As I understand it, they seem to value techs right--on a marginal basis.

If you're considering trading a tech, there isn't one value for that tech. Trading Scientific Method to first-place Mansa Musa who's leading in tech, land, and score is a lot riskier than trading it to last-place Tokugawa who's isolated on his own island with just 3 cities. Trading Rifling to Montezuma your neighbor is a much worse idea than trading it to Alexander, Montezuma's neighbor. You may not want to trade Theology to Huayna Capac the Buddhist if you're hoping for a Hindu religious victory, but you might not mind trading it to Ragnar the universally-hated Hindu. In multiplayer, you might demand much more favorable terms from the guy who won the last 10 games in a row than from the guy who's never played Civ4 before. And you might be more willing to trade generously with the guy who has a huge army camped out near your borders and could always just invade and wipe you out if you piss him off too much.

It's also hard to apply generic evaluations to specific techs and game situations. If you're busy building The Colossus you probably don't want to trade Metal Casting away unless several other civs already have it, or you're confident you can finish Colossus first. If you're never planning on building Colossus, there's no reason to keep it as a monopoly tech - you might as well just go ahead and trade it as soon as you get it.

Plus there's a bit of the "that which can wait, must wait" in play (see how I tied that back in to the earlier advice? I thought it was very elegant). A human might reject an offer of Aesthetics for Alphabet simply because he doesn't happen to have any use for Aesthetics at the moment, and sees no reason to trade yet (maybe he'll get a better offer if he waits; even if he doesn't, he's slowing his opponent down at no cost to himself by not immediately accepting the offer but instead waiting a few turns). The AI will simply assign a value to Aesthetics (and not a value of 0, which is roughly what it's really worth right now), and compare that to the value of Alphabet. Conversely, if a human is about to start researching Engineering himself then he'll probably check first to see if someone is willing to trade it to him; I've never figured out what prompts the AI to offer trades but those sorts of consideration certainly don't seem to.
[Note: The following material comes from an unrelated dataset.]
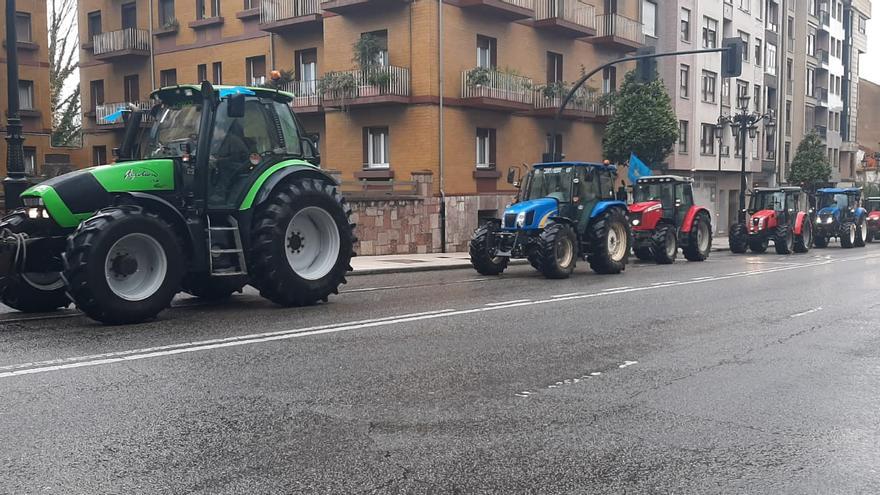 Manifestación de Asturias Ganadera en Oviedo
As I said, a very complicated assessment to make - so I don't really blame the developers for the AI being bad at it, but I do recognize that it is quite bad at it compared to any reasonably skilled human player.
 
That, and you end up haggling with dice. Yay.
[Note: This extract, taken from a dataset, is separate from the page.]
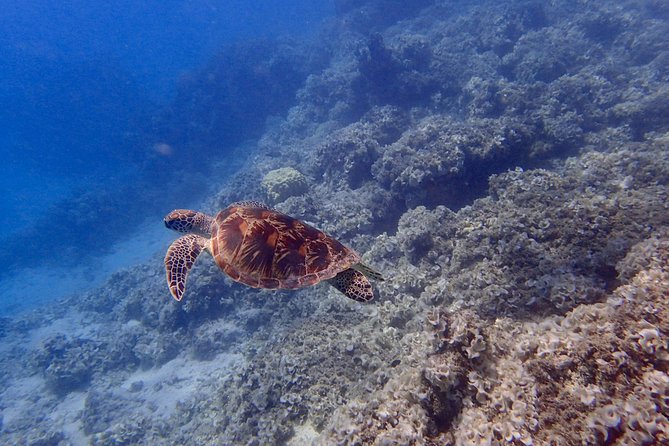Guam's Best Beach Diving! Beginner and Advanced Dives - The deeper section and WWII artifacts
I got soured on the whole tech trading thing back during Adventure 4. When the smoke had cleared, I found Sirian's arguments to be pretty compelling.

Really, the only supporting argument I'll make for Alphabet is that it allows you to compare your research to that of the AI.

Tech trading is powerful. But it's part of the game, and you use what you're given.

It's like saying you shouldn't use "queens" in chess because it's broken.
 
compared to any reasonably skilled human player.

Ooh, burn! :lol:

Alright, you caught me; I'm terrible at gauging how badly I want to trade for a tech.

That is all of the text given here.